Evaluation of proteinuria in children
- Olivia Gillion Boyer, MD, PhD
Olivia Gillion Boyer, MD, PhD
- Associate Professor of Pediatrics
- Pediatric Nephrology, Imagine Institute, Paris-Descartes University, Hôpital Necker - Enfants Malades, Paris, France
- Section Editors
- Patrick Niaudet, MD
Patrick Niaudet, MD
- Section Editor — Pediatric Nephrology
- Professor of Pediatrics
- Hôpital Necker-Enfants Malades, Paris, France
- Jan E Drutz, MD
Jan E Drutz, MD
- Section Editor — General Pediatrics
- Professor of Pediatrics
- Baylor College of Medicine
Proteinuria as a marker of renal disease has been well established. The dilemma that faces the primary care clinician is to differentiate the child with transient or other benign forms of proteinuria from the child with proteinuria from renal disease.
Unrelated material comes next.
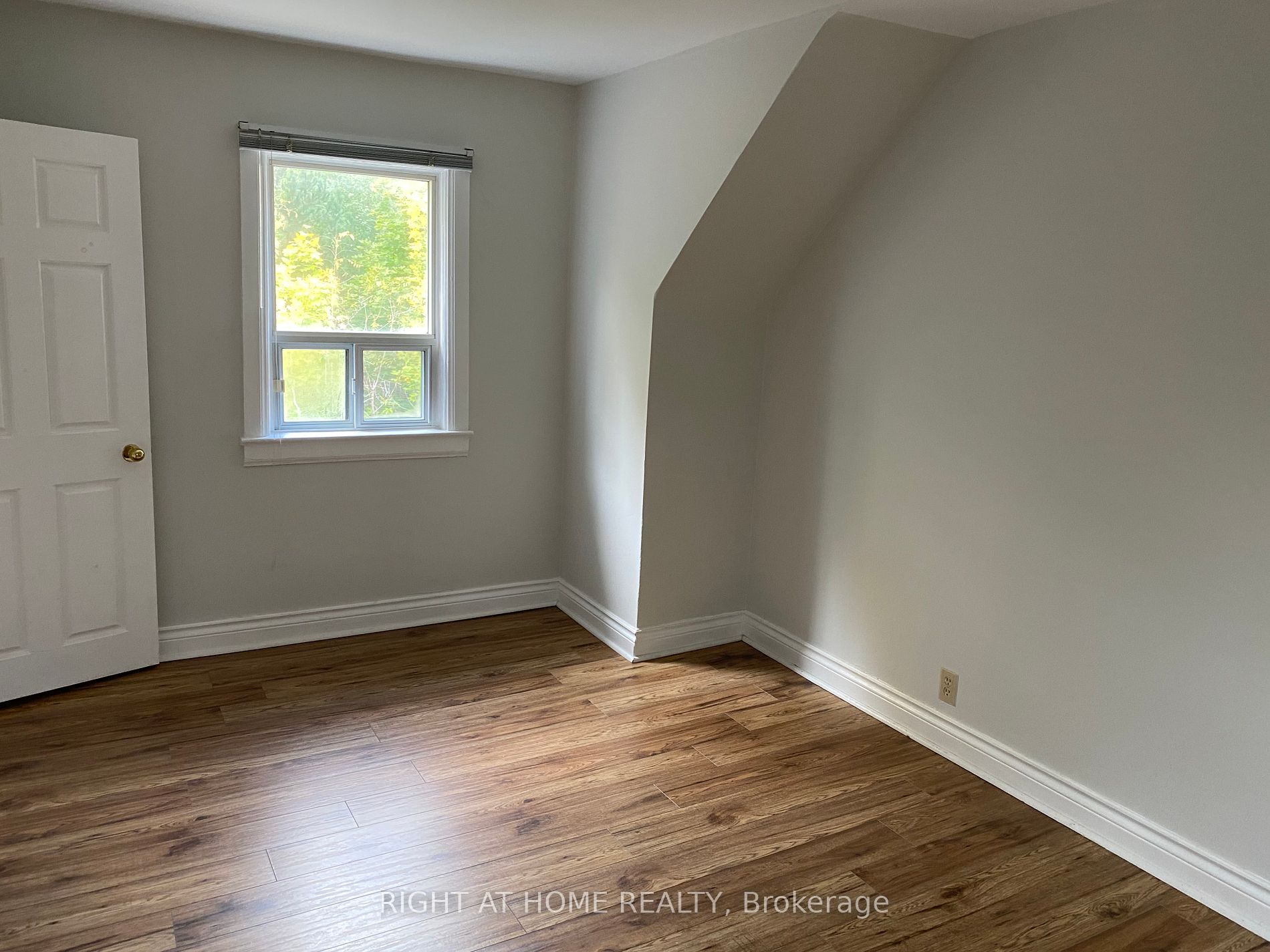 112 Baker Ave Property Photo 7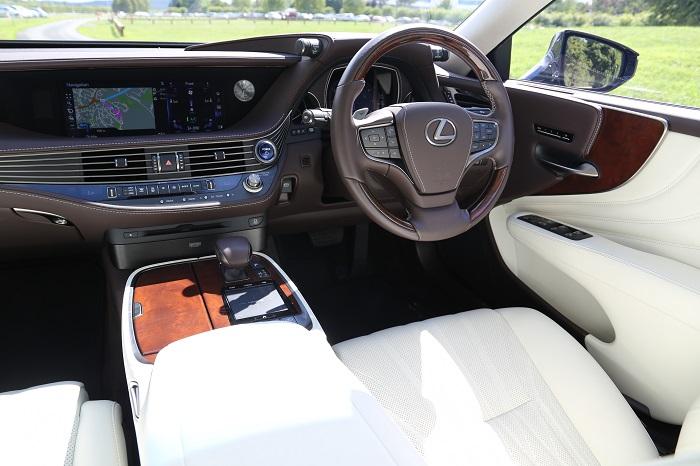 Lexus LS Interior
An overview of the evaluation of proteinuria in children will be presented here. Some related issues, including the mechanisms of proteinuria, are discussed in more detail elsewhere. (See "Assessment of urinary protein excretion and evaluation of isolated non-nephrotic proteinuria in adults".)
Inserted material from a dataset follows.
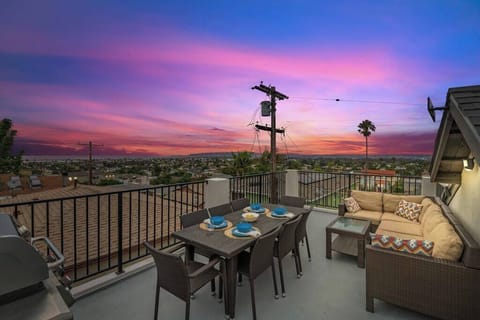 Outdoor patio with panoramic view!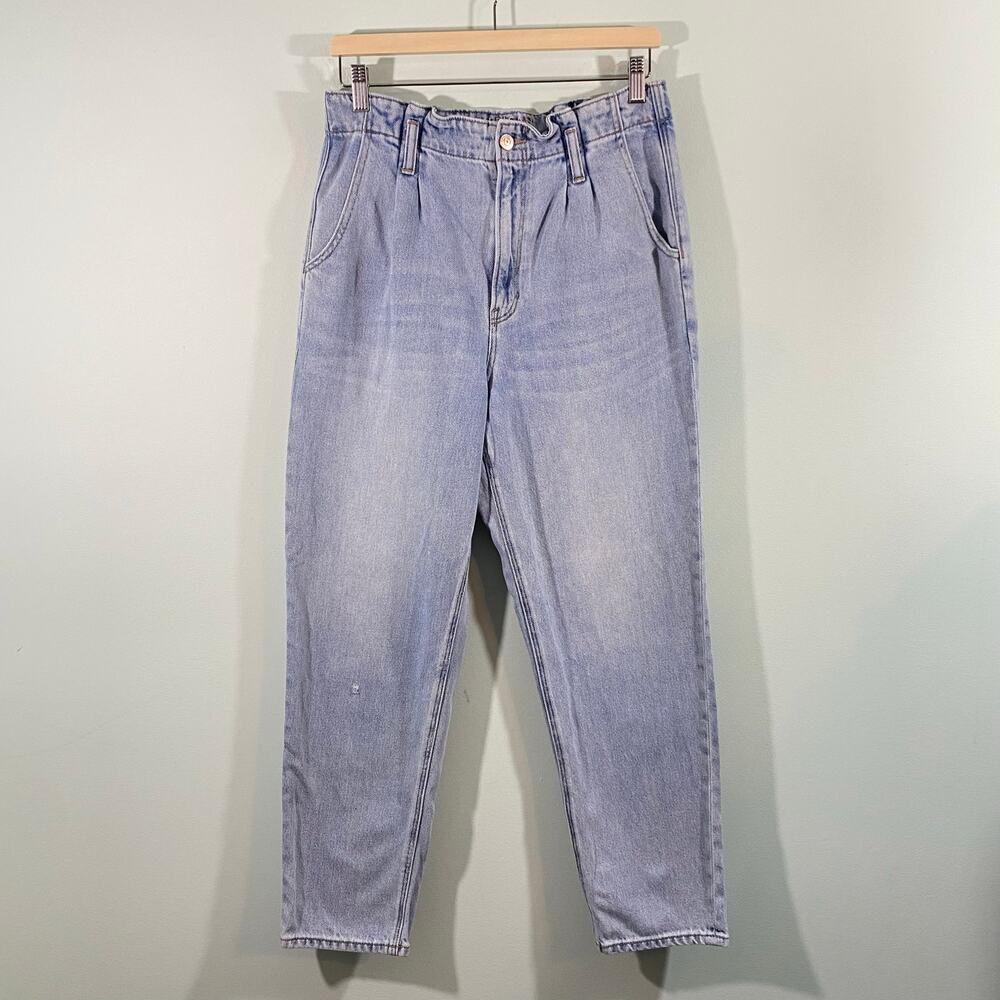 American Eagle Women Paper Bag Waist Highest Rise Mom Jeans Size 8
PATHOPHYSIOLOGY AND CLASSIFICATION
Normal protein excretion — Urinary protein excretion in the normal child is less than 100 mg/m2 per day or a total of 150 mg per day. In neonates, normal urinary protein excretion is higher, up to 300 mg/m2, because of reduced reabsorption of filtered proteins.
Approximately one-half of normal protein excretion consists of proteins secreted by tubular epithelium, mostly Tamm-Horsfall protein (uromodulin). The other half consists of plasma proteins including albumin, which accounts for approximately 40 percent of the total urinary protein, and low molecular weight (LMW) proteins, such as beta-2 microglobulin and amino acids.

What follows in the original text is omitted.